Come on man. Instead of doing a dumb ass search on the Internet about Double X good for sex just go to the grocery store and look for a magazine that has a cover story about the top 10 foods to boost your sex life and buy that instead. Cheaper to buy a magazine and some chocolate coated strawberries than Double X which ain’t good for sex!
Unless your problems are deeper than that. Keep an eye on your email’s inbox and turn off the spam filter. I know if I keep getting emails to enlarge body parts I don’t possess then everybody else must be getting them too! Cheaper than Double X and will probably give you the same results that Double X will give you for sex. Zippo!

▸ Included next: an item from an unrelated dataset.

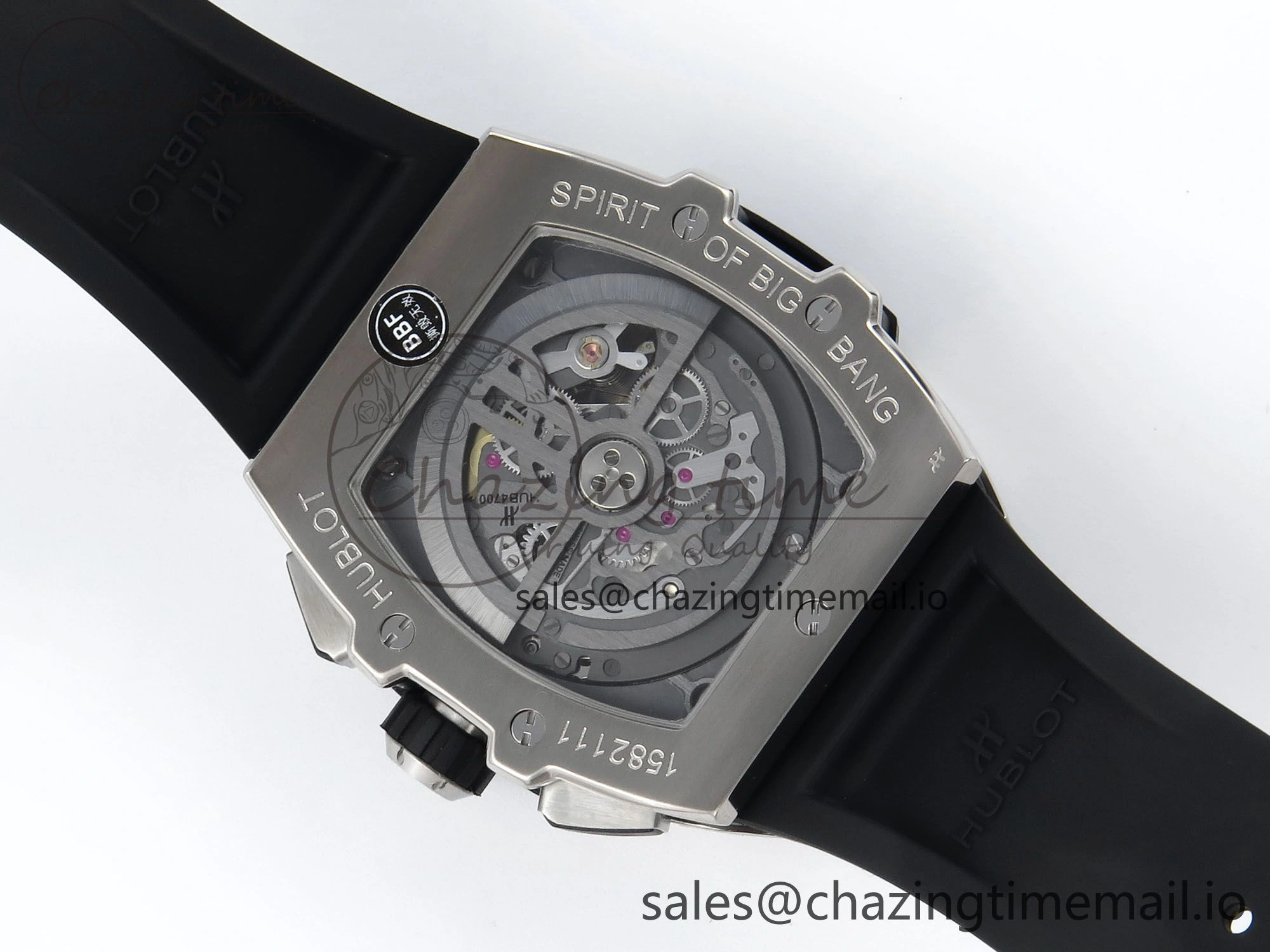 Spirit of Big Bang Titanium BBF 1:1 Best Edition Skeleton Dial on Black Rubber Strap A Sporty 6696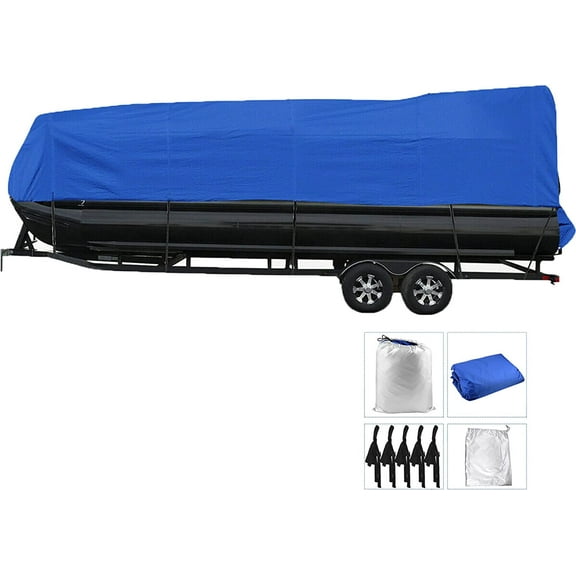PET-U 17 - 20Ft Boat Cover Heavy Duty Rain Snow Dust Resistant Protection Dark Blue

You ambots need to get a clue. If your significant other has cut you off it has something to do with them being pissed off that you are spending all your time with other Amway cult followers and spending all your money on overpriced shitty Amway products.
Your answer does not lie in buying Double X and hoping its good for sex.
In fact spending more money on useless Double X will likely be very bad for sex.
Instead of doing a search on Valentines Day about Double X being good for sex, the best thing you can do is quit the Amway cult. That will probably be better for sex than Double X!